Birth control has gotten way better since then, with better and safer IUDs, other long term solutions like implants and Depo-Provera, skipping the period part of pill so you stay protected, and so on.
Certainly. At the time of Roe v. Wade it was not readily available, not even sought out by young people often. Condoms were probably the only thing available.
Some people think that IUDs, morning after pills and anything else that prevents fertilized eggs from being implanted are also forms of abortion. Besides which, some might go after Griswold and ban all birth control.
I was looking for the pre-Roe numbers today, too, but they’re very hard to find. I did find one source that showed a massive spike in abortions between 1968 and 1973. The “skyrocketing” shown after 1973 in most charts is actually a reduction from the years prior.
This is the history that pro-choice groups rely upon, but there are a cadre of conservative scholars who seize upon the technicality that the laws themselves were all against abortion from the beginning. Normally, those on the right like to trace history to common law, but that’s not convenient for abortion since the common law ignored the issue; indeed could do nothing because only individual women had any say over when the quickening happened.
The nascent American Medical Association, all men, had a core value of taking control over medicine away from midwives and other unlicensed practitioners who traditionally cared for women’s issues. They claimed to be an independent source on when quickening took place and sought to be the sole deciders.
To be fair, a huge number of almost always dangerous abortifacients were also on the market and needed control. Yet as with other snake oil medicines it took until the 20th century to pass those laws, long after abortions were made illegal.
No possible source of historic numbers is known. The best data I know of is from the Guttmacher Institute, a pro-choice organization.
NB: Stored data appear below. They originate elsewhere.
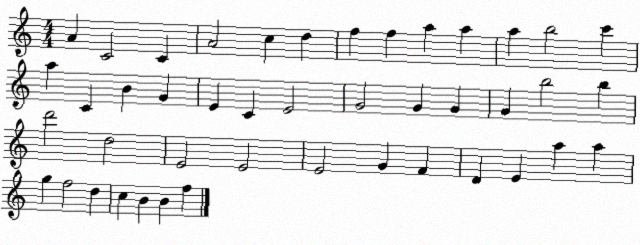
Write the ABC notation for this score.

X:1
T:Untitled
M:4/4
L:1/4
K:C
A C2 C A2 c d f f a a a b2 c' a C B G E C E2 G2 G G G b2 b d'2 d2 E2 E2 E2 G F D E a a g f2 d c B B f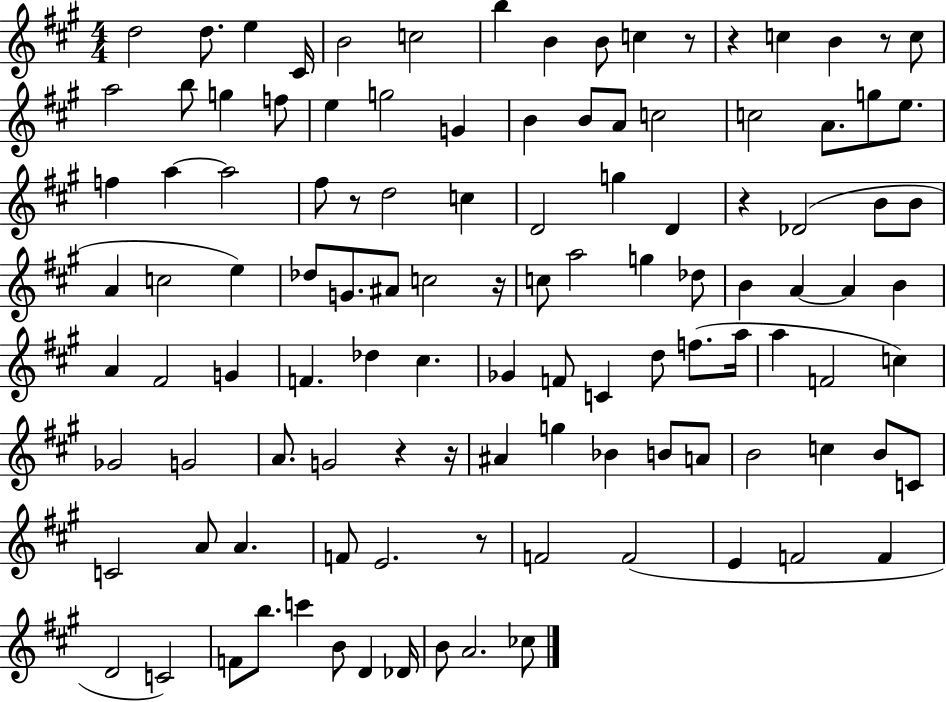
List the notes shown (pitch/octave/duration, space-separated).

The table has a large number of columns, but the numbers on abortions before the 1970s are ludicrously low because they are from reports of occurrence.
I’m confused by this statement after looking at the chart - actually, the data used to compile the chart……which is below the chart.
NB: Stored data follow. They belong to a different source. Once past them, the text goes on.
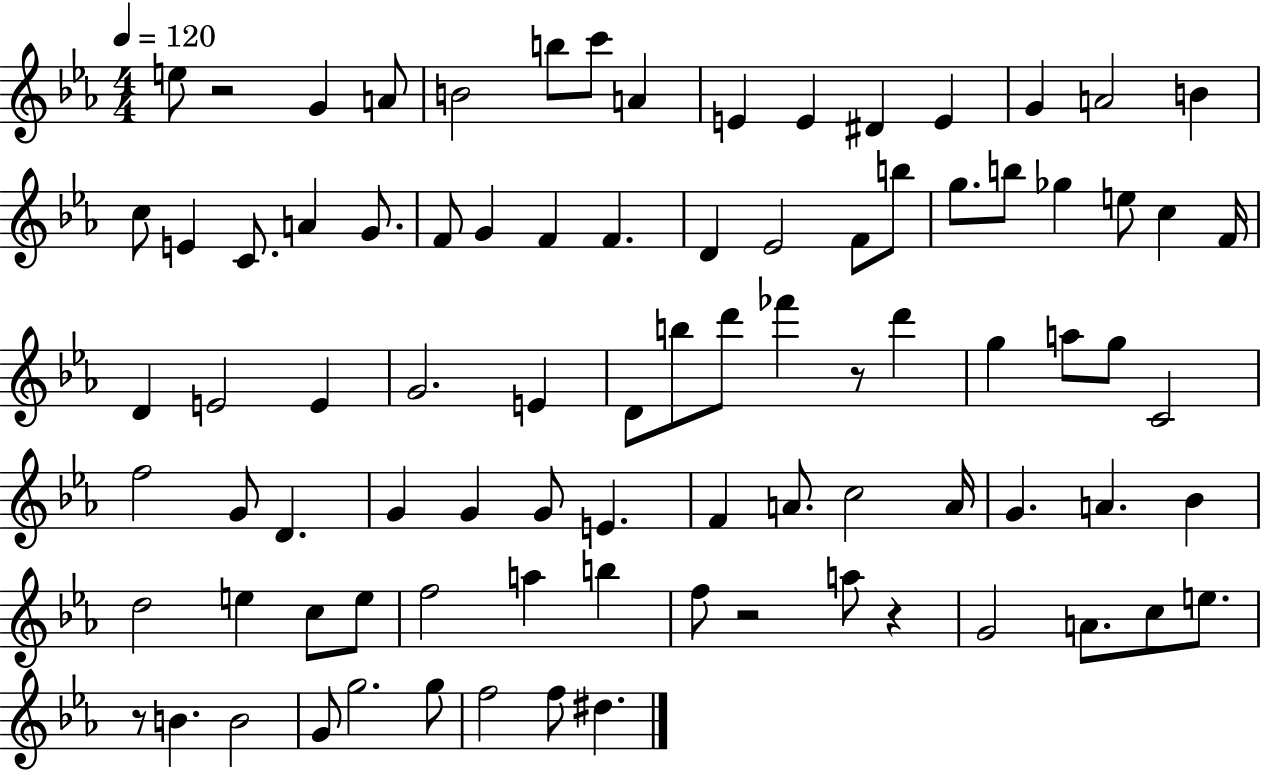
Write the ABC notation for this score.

X:1
T:Untitled
M:4/4
L:1/4
K:Eb
e/2 z2 G A/2 B2 b/2 c'/2 A E E ^D E G A2 B c/2 E C/2 A G/2 F/2 G F F D _E2 F/2 b/2 g/2 b/2 _g e/2 c F/4 D E2 E G2 E D/2 b/2 d'/2 _f' z/2 d' g a/2 g/2 C2 f2 G/2 D G G G/2 E F A/2 c2 A/4 G A _B d2 e c/2 e/2 f2 a b f/2 z2 a/2 z G2 A/2 c/2 e/2 z/2 B B2 G/2 g2 g/2 f2 f/2 ^d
It seems show that abortion was very rare up until 1968 or so, (I’m assuming that this is when the states started to legalize) then the rate climbs steadily until 1978 or so, then it starts to level off, then starts to climb back down in the early 1990’s. The results may be slightly different depending on which metric in the chart you are checking (#number of procedures, rate of abortions to live births, etc) but I see nothing that indicates any reduction in abortions after Roe vs Wade.
The chart is interesting, but really doesn’t get at what I’m interested in. The footnote defines abortions as “known or estimated legal abortions occurring in the U.S.” I’m interested in all abortions, not just the legal ones.
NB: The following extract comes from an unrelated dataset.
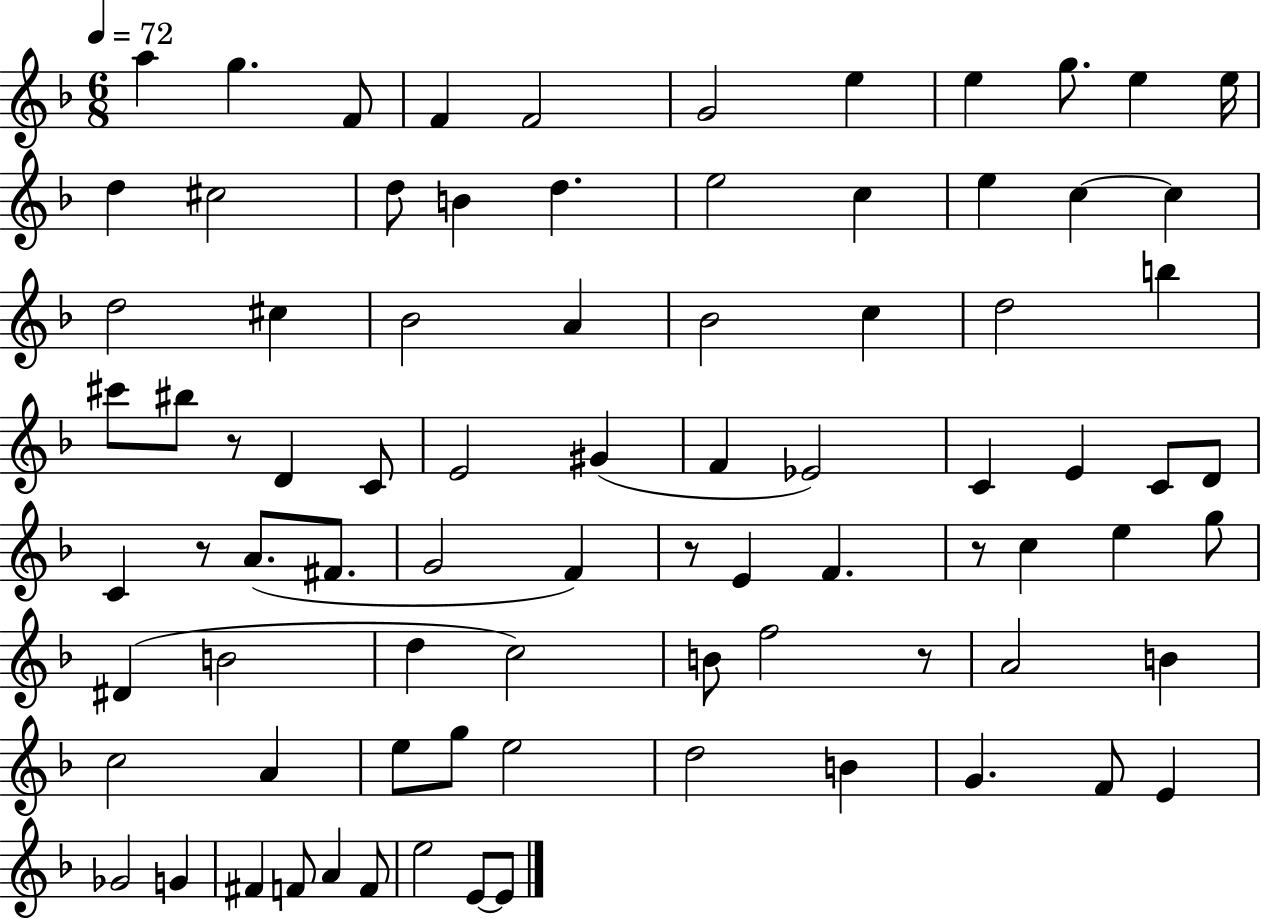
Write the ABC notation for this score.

Any reliable estimates out there on how many women got illegal abortions?
That’s an awfully speculative assertion for FQ. To the best of my knowledge, there is hard data to support the statement that teens are indeed less sexually active now than they were in previous decades.
But can you definitively state that this is because they are more mature? Or could it be for some other reason, such as the lure of digital technology?